Athens Charter 2033 (FDT Development)
The city planning under Otto I was the only formal urban design for modern Athens, the area shaped by this plan is still visible today. However the later development of the city was rather chaotic and unplanned, the endless repetition of Parkatoikía seemed to make the second urban planning for Athens become a permanent paradox.
Le Corbusier’s Athens Charter 1933 was one of the most influential yet controversial documents in the history of modern urban planning, which heavily influenced the later concept of Linear City. Although the document’s content has little relationship with the specific city of Athens, its name seems to indicate that it would affect Athens someday in the future.
The thesis project’s own linear form provides the potential of introducing the radical concept of Linear City: at the macro level, this line is infinitely extended to form a new city axis, on which all potential empty plots or abandoned Parkatoikías would be used or reused as new public spaces; at the micro level, the new special and replicable form of Stoa adopted by the project would be the prototype for this axis.
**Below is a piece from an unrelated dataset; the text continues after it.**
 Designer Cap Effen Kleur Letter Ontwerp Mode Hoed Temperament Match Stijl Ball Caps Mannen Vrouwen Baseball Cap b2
This proposal would be a new city planning document – Athens Charter 2033. While Corbusier’s Athens Charter 1933 was a universal manifesto calling for the real demolition of crowded historical city centres to make way for high-rise residential blocks, the Athens Charter 2033 is a proclamation specifically for Athens that advocates the metaphorical and ethical destruction of the ruins by building a long-span linear axis for public life, which gently weaves into the city, connecting the fragmented urban fabric in a simple but powerful manner.